# Gotta love TJMaxx



## kuan (Jun 11, 2001)

I got a Mauviel copper saute pan there for $12 last night. Gotta love it 

Kuan


----------



## semperchef (May 28, 2003)

Hey Kuan, congratulations!

By the way, why is that particular brand so good? I have to confess I have never heard of them and I am looking to learn what makes them special. What can I say? I am behind the times! 

Laurie


----------



## kuan (Jun 11, 2001)

It's neither better nor worse than any copper pan out there  It's about 2mm thick all around and the tin looks very nice on the inside. The handle is cast iron and the whole thing probably weighs about 20lbs.

I'm so happy, this qualifies as bargain of the year so far. 

Kuan


----------



## mezzaluna (Aug 29, 2000)

You got that right, Kuan! How big is the pan?

It pays to haunt stores like that. You never know what they'll get in. I like Tuesday Morning for the same reason.


----------



## kylew (Aug 14, 2000)

I have a couple of Cuisinart Everyday Stainless pans I got cheap at Marshalls, TJMaxx's sibling.


----------



## peachcreek (Sep 21, 2001)

There is a place in town that is a clearance outlet for Costco. I got 6000 16# brown bags for $34.00. It is the size I order for my take-out. For home use I picked up a set of KitchenAid utensils- spoons, ice cream scoop, garlic press, wire whip, peeler and a pizza cutter that weighs enough to take a toe off if you dropped it-$20.00. The reason it was culled was because the spatula was cracked. A case of computer paper was $4.00. I picked up 14 red wine glasses-pretty decent ones for $12.00. The best find had to be the commercial Circulon cookware-14 pieces for $75.00. You never know from week to week what will show up.
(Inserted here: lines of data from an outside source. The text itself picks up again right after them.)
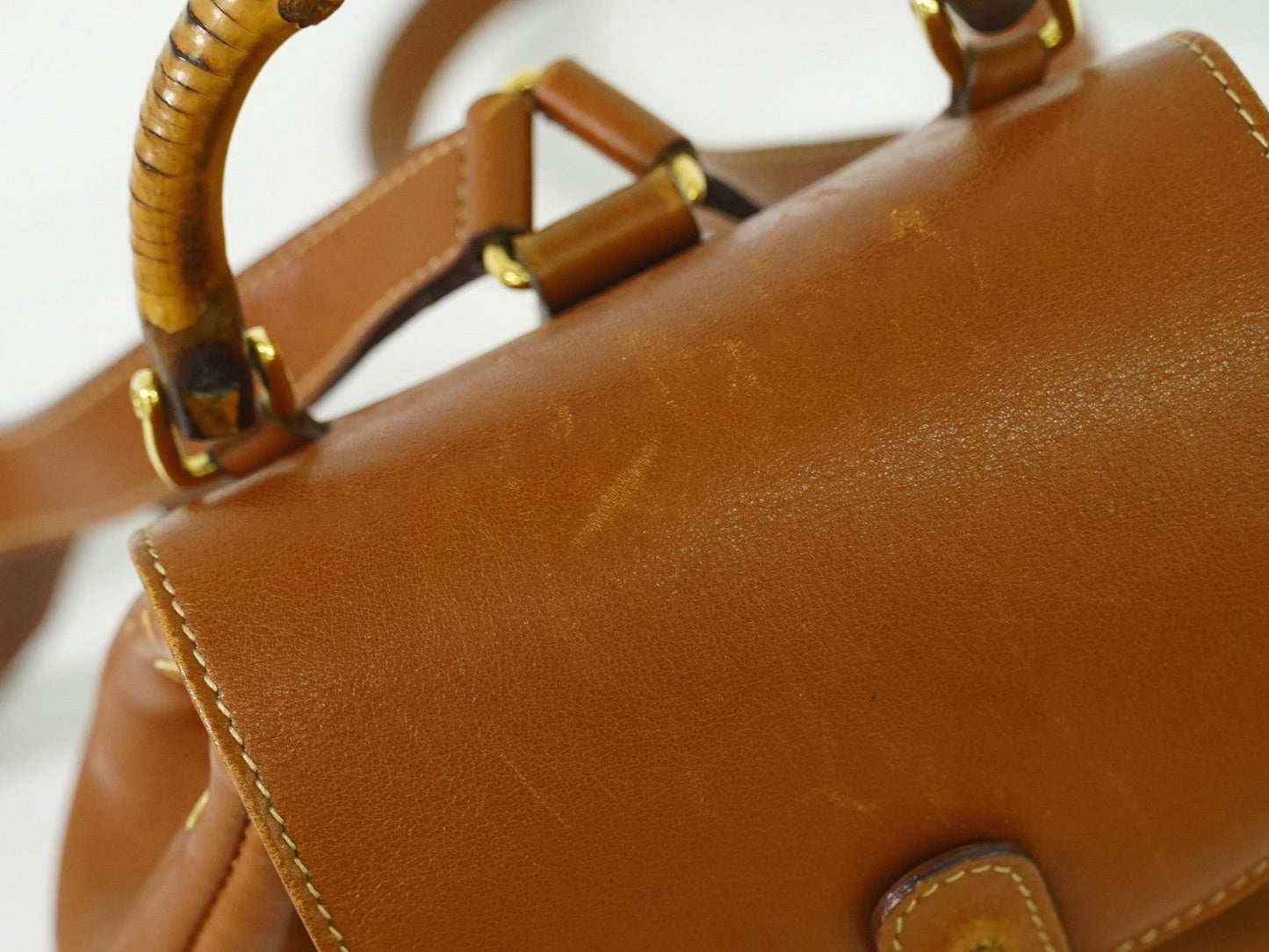 Gucci Bamboo Backpack Leather Brown Leather Backpack Bag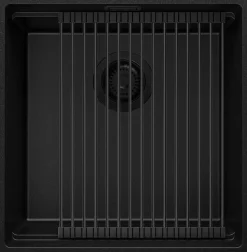 PRIMAGRAN Evier Sous Plan Tout Noir 46x47cm, Evier en Granit 1 bac + Kit de Vidage + Accessoires, Évier au meuble 50cm - Prague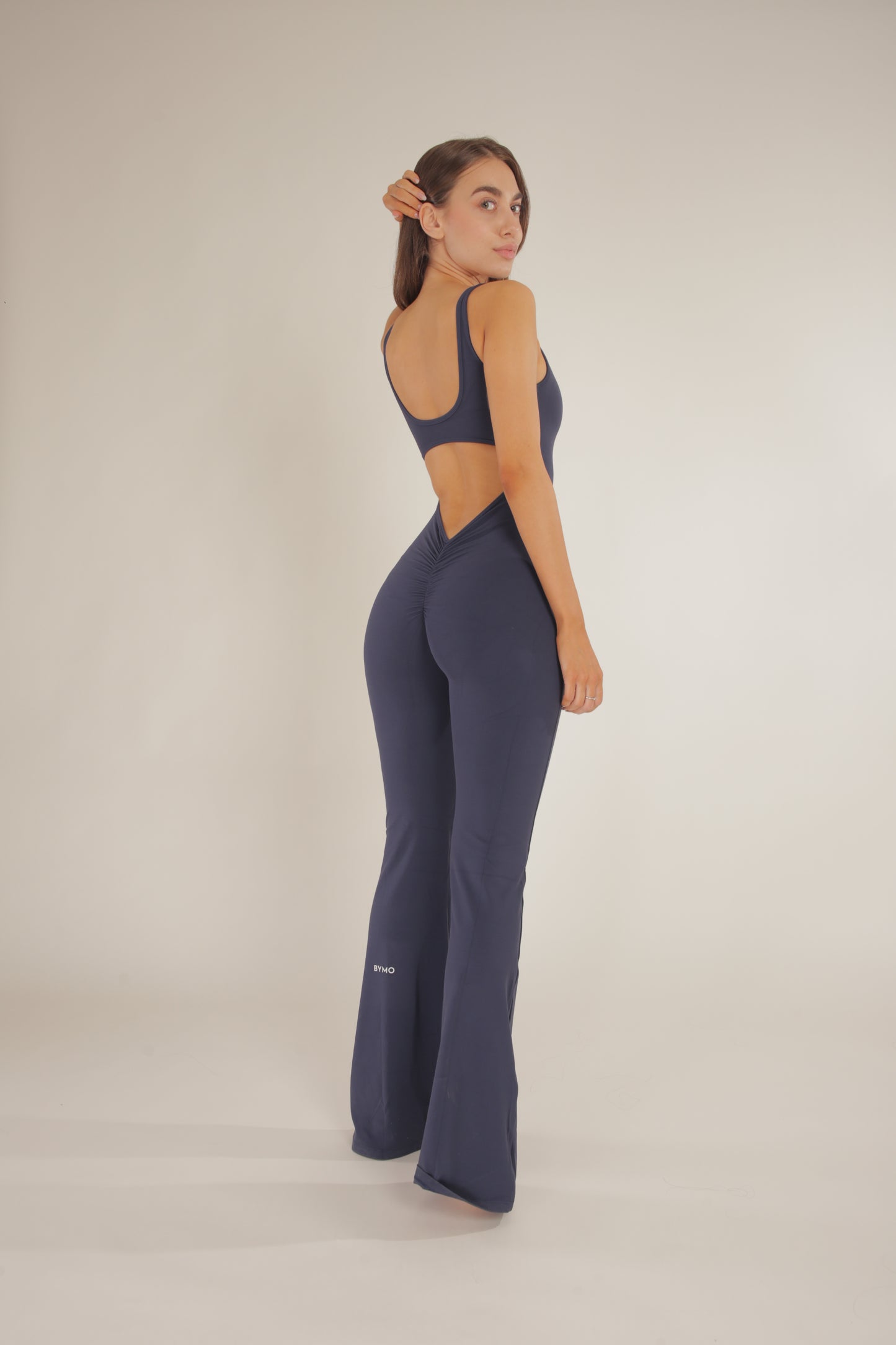 Poza din spate salopeta evazata albastru inchis BYMO cu push-up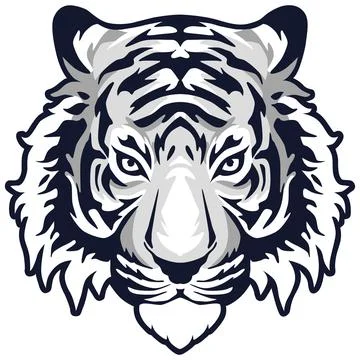Tiger Face Expression Illustration. Tattoo Art. Vector. Stock Illustration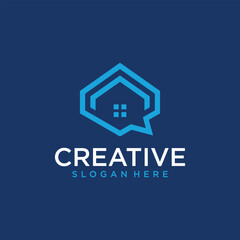 House logo design in line dot art style building technology logo modern buiding logo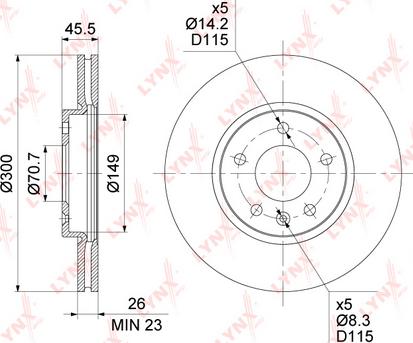 LYNXauto BN-1354 - Bremsscheibe alexcarstop-ersatzteile.com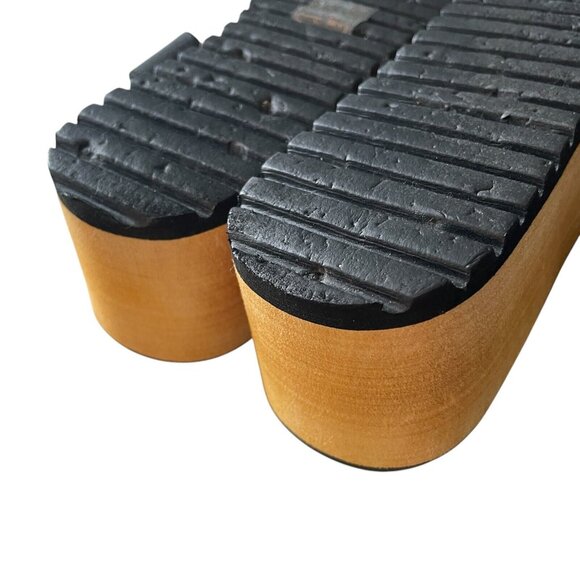 Dirty Laundry Chunky Platform Sandal Womens Sz 7 Y2K 2000s Black Slip-On Strappy - Picture 10 of 12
Its' like the best garage sale you have ever been to- everything is new. We have a TJMaxx and I saw an All Clad 2 qt sauce pan in there but I did'nt buy it. It had a dent in the bottom of it and I think they still wanted $25.00 for it. I bought a 1 qt nonstick lined stainless steel batter bowl for $5.00 that I'm pretty happy with.


----------



## risa (May 11, 2001)

Another place to hunt for nice cookware at discount prices is Tuesday Morning. I have several Cuisinart copper pots (copper outside, aluminum middle, stainless inside) from there at excellent prices.


----------



## shroomgirl (Aug 11, 2000)

Goodwill, I have found saute all clad for $3...innordinate amounts of china, Riedel burgundy glasses for 75 cents.
People donate grandmas stuff or shuck gifts and I end up with a new ice cream maker for $8. Too cool. 
It was silver trays last fall, they needed exstensive elbow grease but for $6 they could not be beat.....funny thing was I was on my way to a Department store to pick some up.
Last purchase was glass name plates 12 for $2.
Tuesday Morning is like a book store to me....way to dangerous to walk into, several hundred dollars later.....though the eqyptian glass ornaments look great in my whimsy room....and the napkins and Italian platters are super on the wall of my dining room.....


----------



## catciao (Jan 23, 2002)

Wow been away for awhile and checking in on all the posts. You guys are singing my song here. I frequent all these stores in various locations to see what new items they have in stock. I almost bought my AC through TJMaxx but their inventory is seconds as indicated by the "S" stamped on the underside of the handle. They have a relatively new sister store called Homegoods that has an even better selection of items but you have to buy it if you like it cuz it could be gone forever as these are not stock items. Goodwill Hunting....now there's something I haven't tried.


----------



## funkincubator (Aug 25, 2003)

TJMaxx, Ross, Marshalls are all great! Ever check out their cookbook selection? I assume they carry things that the big stores no longer carry, but a week after I bought a book at Williams Sonoma, I found the exact same book and a bunch of other ones at one of these stores.

kyle
:chef:


----------



## devildogchef2b (Aug 22, 2003)

Well this is a subject I can sink my teeth into. I have some great stories for all of you that shop Tuesday Morning, TJ Maxx, Marshalls, and wherever a good deal can be found. Myself I have bought many an item from the likes of those places. I have also gotten a deal or two at Sam's club, including my pride and joy, a beautiful set of Wustof Gran Prix chefs knives. I was working in a club in Texas and we got a pallet of them in at a baragin price compared to the Internet, and other knife retailers at $150. Cooking.com had them at 250 for a similar set with one knife difference. I eventually got that set for half of the 150 we got them in at. I've also bought an All Clad Stainless steel 8" Skillet for $20 from Bed Bath & Beyond as a promotional item. The guy who worked the area said the cookware manufacturers do that from time to time so people can try a peice out, and see if it is to their liking, and then they can come back for more later if so. I've also picked up a Calphalon peice at Tj Maxx for $25 and was the same pan as the All Clad. There are some super great deals out there if you look for them, and know what you're buying, and from the looks of the posts here we have some skilled shoppers in our midst. Tuesday is a good place to find good crystal, china, cookware, bakeware, and some choice small appliances from time to time. I bought a Williams-Sonoma cookbook there for a fraction of the original price. Without getting any more windy here, I will go, but am glad to find some others of my kind here. 

Jeff


----------